Word for word, transcribe the lines from the one containing "Beige-XL-2PCS" through the end of the entries, both included, and nothing else.

• DATA SHOWN:
·····
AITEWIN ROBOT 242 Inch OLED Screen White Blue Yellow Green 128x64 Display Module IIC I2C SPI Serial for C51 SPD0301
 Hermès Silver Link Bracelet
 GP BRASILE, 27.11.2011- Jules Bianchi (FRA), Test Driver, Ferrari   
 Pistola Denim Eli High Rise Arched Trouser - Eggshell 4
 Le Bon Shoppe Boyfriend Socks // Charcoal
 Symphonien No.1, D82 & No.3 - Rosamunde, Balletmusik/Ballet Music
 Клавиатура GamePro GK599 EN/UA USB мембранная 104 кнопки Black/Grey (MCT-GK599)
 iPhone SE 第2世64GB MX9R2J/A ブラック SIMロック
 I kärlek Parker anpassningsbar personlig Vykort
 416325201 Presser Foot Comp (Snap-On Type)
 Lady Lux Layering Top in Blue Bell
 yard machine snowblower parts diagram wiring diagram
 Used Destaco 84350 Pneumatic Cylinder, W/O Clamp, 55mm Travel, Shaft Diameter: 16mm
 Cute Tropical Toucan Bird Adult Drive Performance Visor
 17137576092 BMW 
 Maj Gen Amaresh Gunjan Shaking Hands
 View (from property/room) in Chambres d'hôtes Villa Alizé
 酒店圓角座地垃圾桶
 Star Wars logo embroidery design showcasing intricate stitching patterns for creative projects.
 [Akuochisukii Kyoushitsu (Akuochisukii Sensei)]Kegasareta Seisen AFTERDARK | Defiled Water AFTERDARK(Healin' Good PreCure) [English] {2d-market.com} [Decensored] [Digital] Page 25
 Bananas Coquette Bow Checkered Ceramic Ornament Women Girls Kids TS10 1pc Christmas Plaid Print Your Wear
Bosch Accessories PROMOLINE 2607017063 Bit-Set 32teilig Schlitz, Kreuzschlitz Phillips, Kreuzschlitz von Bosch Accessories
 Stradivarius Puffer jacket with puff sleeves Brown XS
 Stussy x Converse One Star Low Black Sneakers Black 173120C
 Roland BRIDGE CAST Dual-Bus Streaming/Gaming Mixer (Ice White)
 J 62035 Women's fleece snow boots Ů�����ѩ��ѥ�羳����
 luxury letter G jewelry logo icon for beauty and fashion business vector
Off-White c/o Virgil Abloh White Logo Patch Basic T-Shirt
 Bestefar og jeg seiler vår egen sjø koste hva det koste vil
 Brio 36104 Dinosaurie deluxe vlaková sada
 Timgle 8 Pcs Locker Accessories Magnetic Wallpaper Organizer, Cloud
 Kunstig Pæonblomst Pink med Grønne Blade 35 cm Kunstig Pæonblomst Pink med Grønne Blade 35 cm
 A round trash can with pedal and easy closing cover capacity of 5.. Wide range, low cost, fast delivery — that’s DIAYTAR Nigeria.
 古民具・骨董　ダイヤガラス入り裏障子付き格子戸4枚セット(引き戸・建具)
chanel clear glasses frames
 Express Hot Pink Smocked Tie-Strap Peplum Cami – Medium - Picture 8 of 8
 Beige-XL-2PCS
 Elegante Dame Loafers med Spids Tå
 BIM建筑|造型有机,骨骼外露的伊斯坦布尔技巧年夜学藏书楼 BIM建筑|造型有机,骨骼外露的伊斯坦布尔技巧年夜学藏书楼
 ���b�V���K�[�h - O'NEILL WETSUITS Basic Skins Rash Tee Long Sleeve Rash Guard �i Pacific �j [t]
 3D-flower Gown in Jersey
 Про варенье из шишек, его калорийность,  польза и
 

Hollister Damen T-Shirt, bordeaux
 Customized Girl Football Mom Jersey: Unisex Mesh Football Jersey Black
·····
• RESPONSE TO THE EXERCISE:
 Beige-XL-2PCS
 Elegante Dame Loafers med Spids Tå
 BIM建筑|造型有机,骨骼外露的伊斯坦布尔技巧年夜学藏书楼 BIM建筑|造型有机,骨骼外露的伊斯坦布尔技巧年夜学藏书楼
 ���b�V���K�[�h - O'NEILL WETSUITS Basic Skins Rash Tee Long Sleeve Rash Guard �i Pacific �j [t]
 3D-flower Gown in Jersey
 Про варенье из шишек, его калорийность,  польза и
 

Hollister Damen T-Shirt, bordeaux
 Customized Girl Football Mom Jersey: Unisex Mesh Football Jersey Black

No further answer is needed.